Des habitants de la tribu de Saint-Louis (Nouvelle-Calédonie) discutent dans l'herbe, le 26 avril 2025. (RAPHAEL GODET / FRANCEINFO)
Des habitants de la tribu de Saint-Louis (Nouvelle-Calédonie) discutent dans l'herbe, le 26 avril 2025. (RAPHAEL GODET / FRANCEINFO)

En réalité, un membre de la tribu manque particulièrement en ce moment : un certain Christian Tein. Le leader de la Cellule de coordination des actions de terrain (CCAT) est né ici. Mais depuis le mois de juillet, cette figure du mouvement indépendantiste est incarcérée dans l'Hexagone, à Mulhouse (Haut-Rhin), loin des siens. Accusé d'être l'une des têtes pensantes des émeutes, "Bichou" est aujourd'hui mis en examen pour "complicité de meurtre" et "association de malfaiteurs en vue de la préparation d'un crime et d'un délit".

Accoudée à une balustrade, une habitante baisse aussitôt le regard à l'évocation de son nom. C'est sa nièce, Gabrielle. "Son absence est lourde pour nous tous qui avons l'habitude de marcher dans ses pas, observe-t-elle. Il n'y a pas un jour sans que quelque chose me fasse penser à lui". Comment pourrait-elle oublier son oncle ? Un dessin de lui orne désormais son profil WhatsApp.

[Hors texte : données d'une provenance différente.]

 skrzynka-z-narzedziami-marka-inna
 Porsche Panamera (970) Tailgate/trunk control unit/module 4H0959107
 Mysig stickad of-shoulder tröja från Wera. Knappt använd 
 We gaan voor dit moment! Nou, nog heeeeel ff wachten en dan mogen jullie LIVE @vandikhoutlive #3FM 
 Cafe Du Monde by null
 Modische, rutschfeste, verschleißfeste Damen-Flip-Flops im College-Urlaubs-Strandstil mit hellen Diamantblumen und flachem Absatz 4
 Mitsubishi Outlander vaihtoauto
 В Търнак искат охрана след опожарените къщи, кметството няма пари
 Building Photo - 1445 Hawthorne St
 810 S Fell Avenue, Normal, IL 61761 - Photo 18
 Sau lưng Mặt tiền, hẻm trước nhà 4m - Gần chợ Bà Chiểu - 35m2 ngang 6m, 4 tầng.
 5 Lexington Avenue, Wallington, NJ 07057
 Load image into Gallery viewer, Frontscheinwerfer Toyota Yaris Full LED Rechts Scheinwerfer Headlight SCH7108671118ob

Gabrielle Tein, nièce du leader indépendantiste Christian Tein, le 26 avril 2025, dans la tribu de Saint-Louis (Nouvelle-Calédonie). (RAPHAEL GODET / FRANCEINFO)
Gabrielle Tein, nièce du leader indépendantiste Christian Tein, le 26 avril 2025, dans la tribu de Saint-Louis (Nouvelle-Calédonie). (RAPHAEL GODET / FRANCEINFO)

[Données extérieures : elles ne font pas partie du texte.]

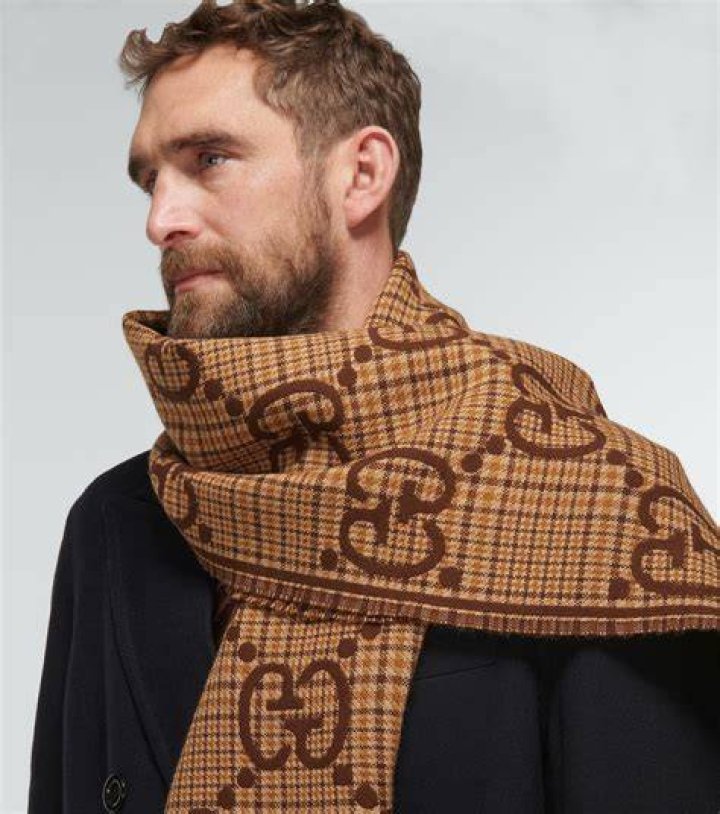 How do you clean a Gucci scarf?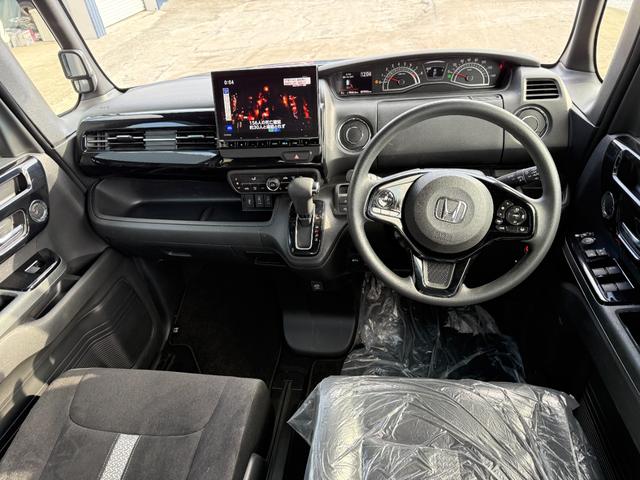 N-BOXカスタム EX 4WD 9インチナビ/フルセグTV/Bluetooth/Bカメラ/クルーズコントロール/両側パワスラ/クリアランスソナー/前後ドラレコ/衝突軽減装置/車線逸脱抑制装置/LEDヘッドライト(2枚目)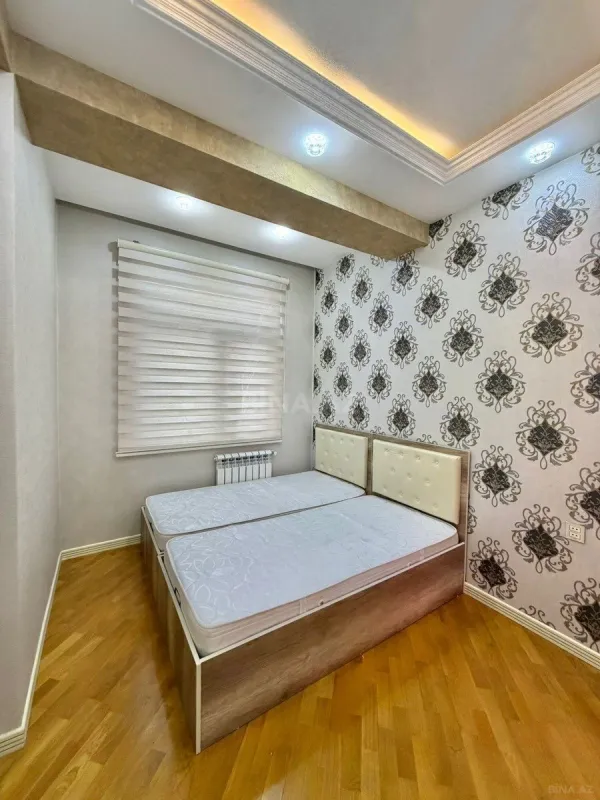 Satılır 3 otaqlı mənzil 98 m²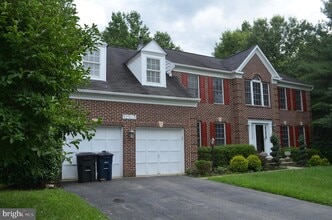 Building Photo - 12503 Woodsong Ln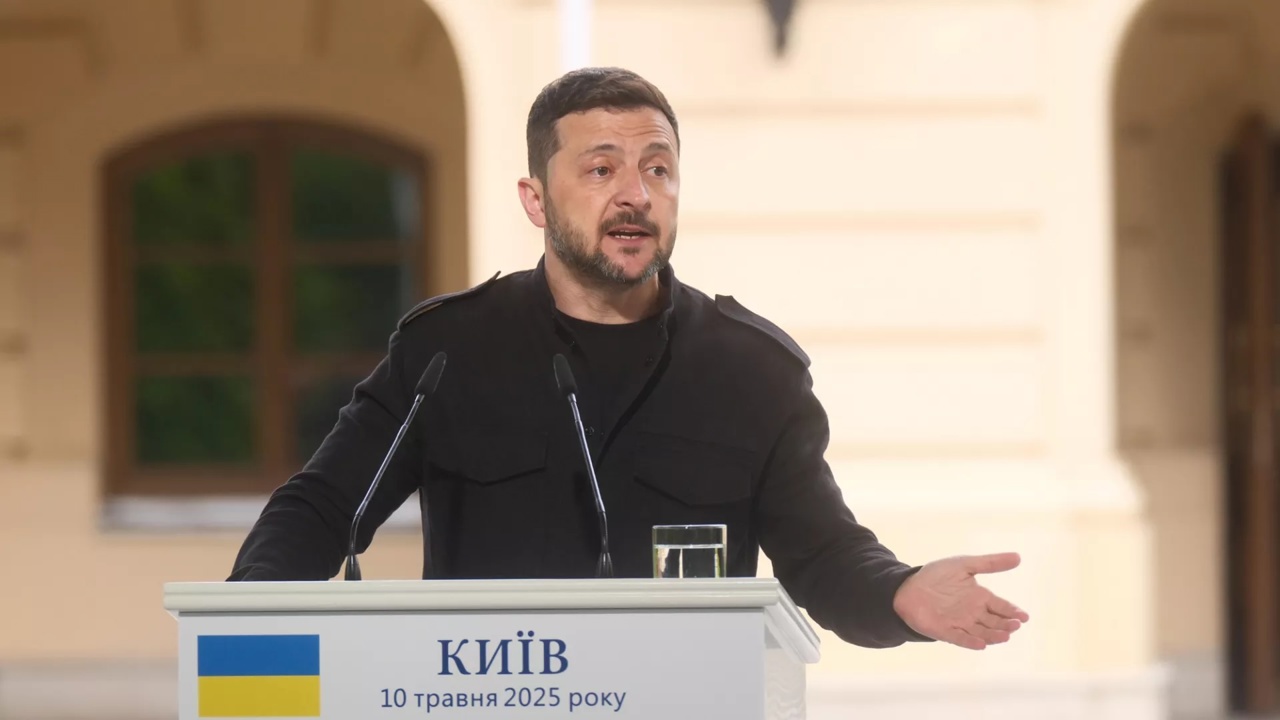 Zelenski acceptă întâlnirea cu Putin pe 15 mai, dar cere oprirea imediată a focului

Gabrielle Tein lui a déjà écrit trois lettres. "Je prenais de ses nouvelles, je lui demandais des conseils pour continuer la lutte. Mais je crois qu'il ne les a jamais reçues", se désole-t-elle. L'éloignement est d'autant plus fort que la date du 13 mai approche. Une voisine s'interroge à voix haute : "S'il était là, avec nous, que nous dirait-il de faire ?" Sa nièce de 42 ans répond : "Il nous dirait de rester dans le calme ; qu'on peut se battre en étant tranquille ; qu'on a besoin de gens debout pour aller chercher le pays."

Exactement le message que les "mamans" de la tribu de Saint-Louis répètent aux jeunes qu'elles croisent en ce moment. "Sortons le drapeau, soyons fiers, mais s'il vous plaît, plus cette violence !", répète Marie-Hélène, en joignant ses deux mains à la façon d'une prière. Elle-même ne sait pas si elle sera entendue. "Il y en a quelques-uns qu'on ne tient plus, qui n'écoutent plus leurs aînés. Ceux-là n'ont plus peur de rien, même pas de la mort. Ils sont prêts à mourir pour Kanaky." Ces derniers jours, le dispositif de sécurité a été "considérablement" renforcé aux entrées et aux sorties de la tribu de Saint-Louis. Des renforts de l'Hexagone ont déjà été prépositionnés, "si besoin".